[[ Data for review open ]]

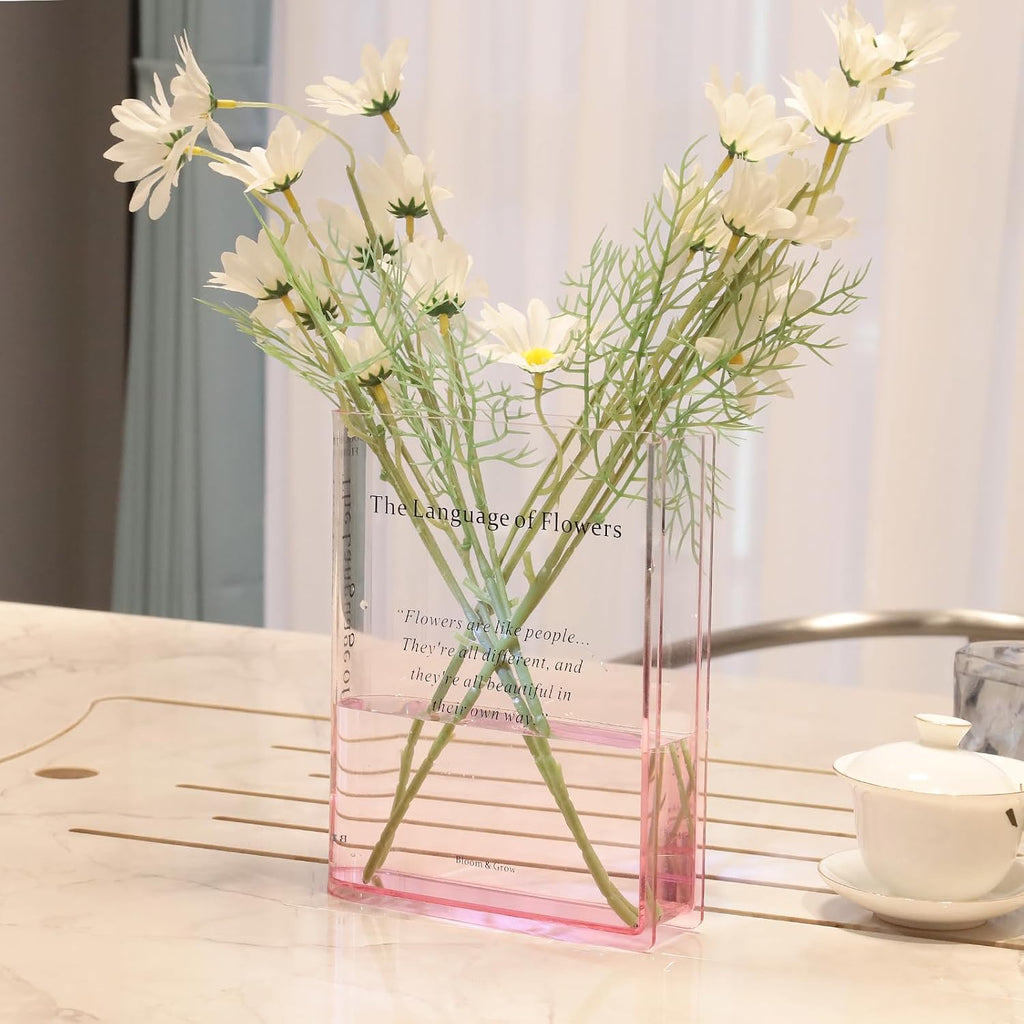 Alpharan Pink Book Vase, Acrylic Clear Book-Shaped Flower Vase | Simplicity Bookshelf Decor,Unique Stuff for Book Lovers,Home Decor,Book Club Gifts,Decorative Accent,Modern Style
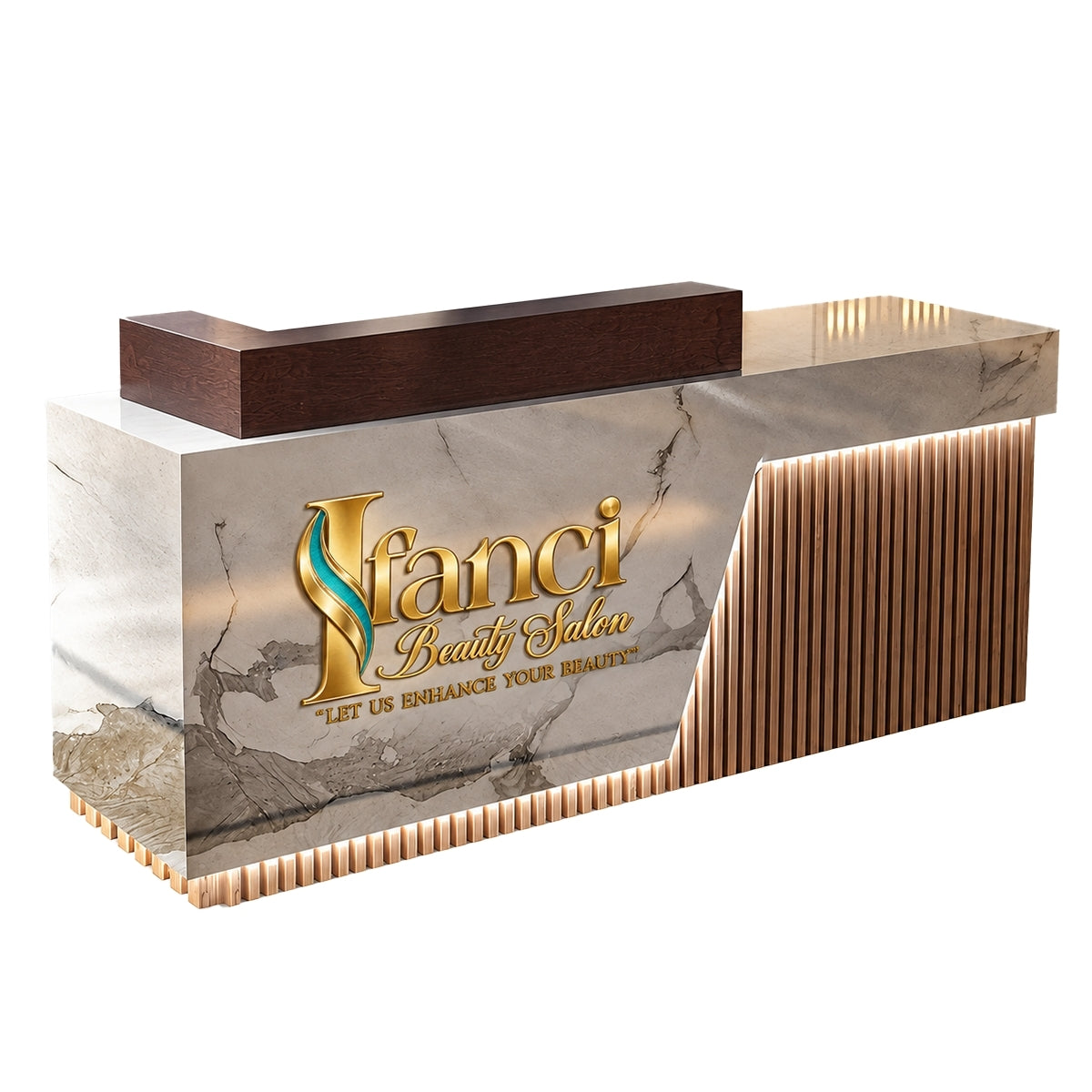 Reception Desk 39–118 in Wide with LED Accent Lighting, File Drawers, Transaction Counter & Marble Top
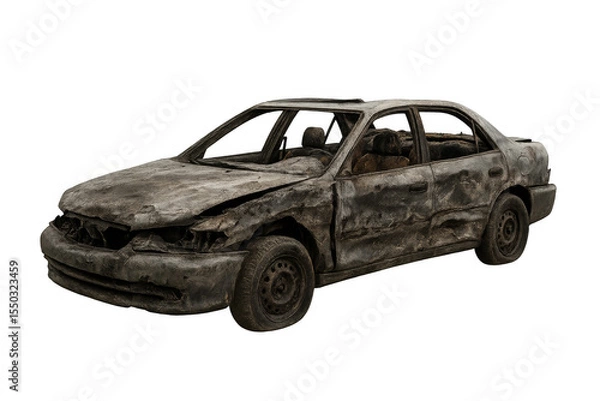 Fototapeta Burned car wreck isolated on transparent background showing destruction and damage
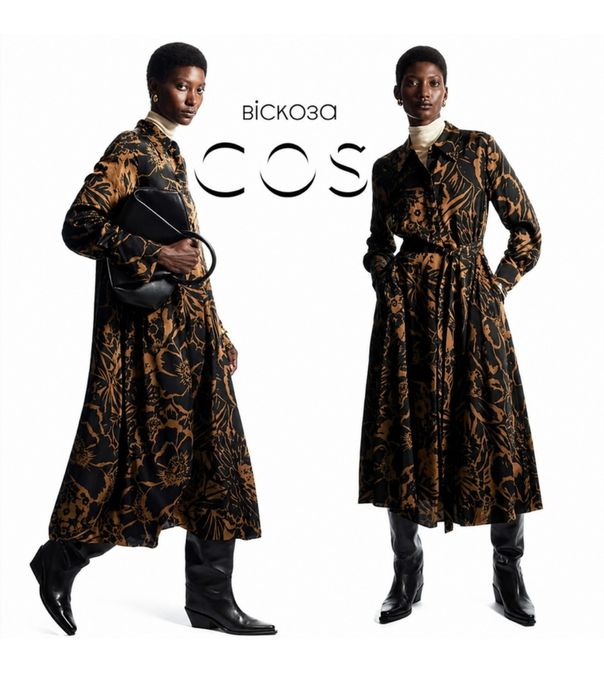 Cos атласна сукня сорочка в квітковий принт  S/M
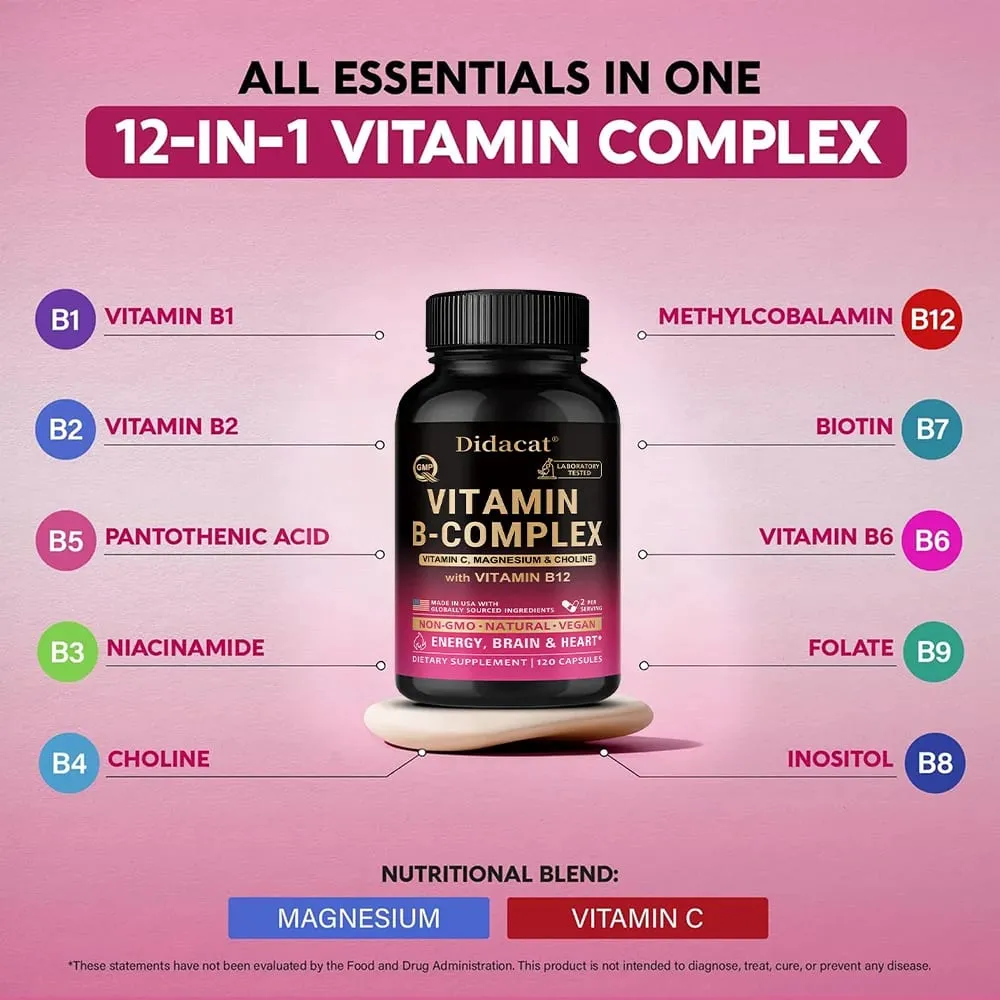 Usable Unisex Active Vitamin B Complex Highly Effective and Easily Absorbed - Immune Energy and Metabolic Supplement — image 4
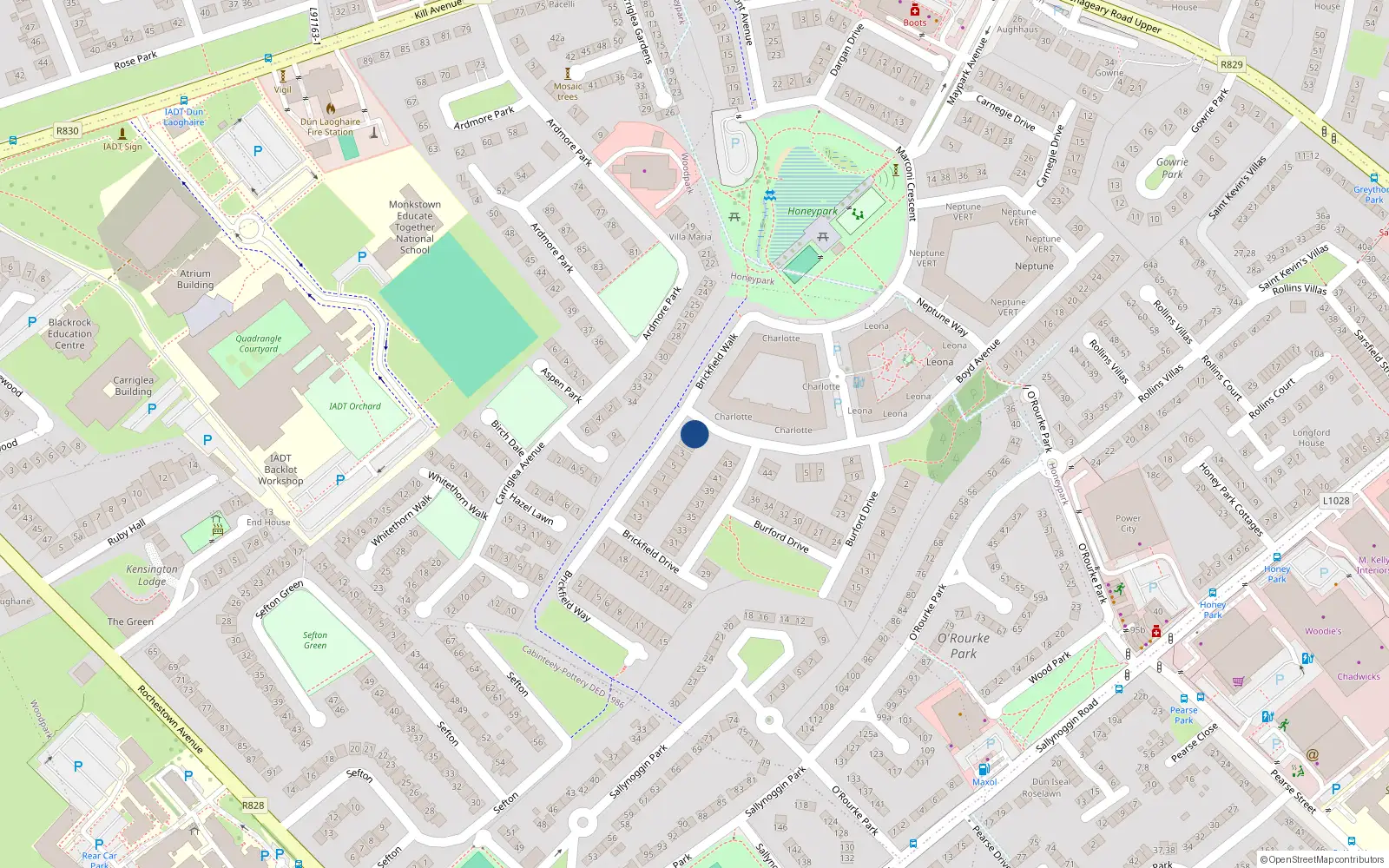 Overhead map showing the location of 1 Boyd Avenue, Dun Laoghaire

[[ Data for review closed ]]

■ **The problem**
Lines before the one containing "Reception Desk 39–118" are not wanted; repeat that line and the rest of the listing exactly, leaving out pictures.

■ **Output for this exercise**
 Reception Desk 39–118 in Wide with LED Accent Lighting, File Drawers, Transaction Counter & Marble Top
 Fototapeta Burned car wreck isolated on transparent background showing destruction and damage
 Cos атласна сукня сорочка в квітковий принт  S/M
 Usable Unisex Active Vitamin B Complex Highly Effective and Easily Absorbed - Immune Energy and Metabolic Supplement — image 4
 Overhead map showing the location of 1 Boyd Avenue, Dun Laoghaire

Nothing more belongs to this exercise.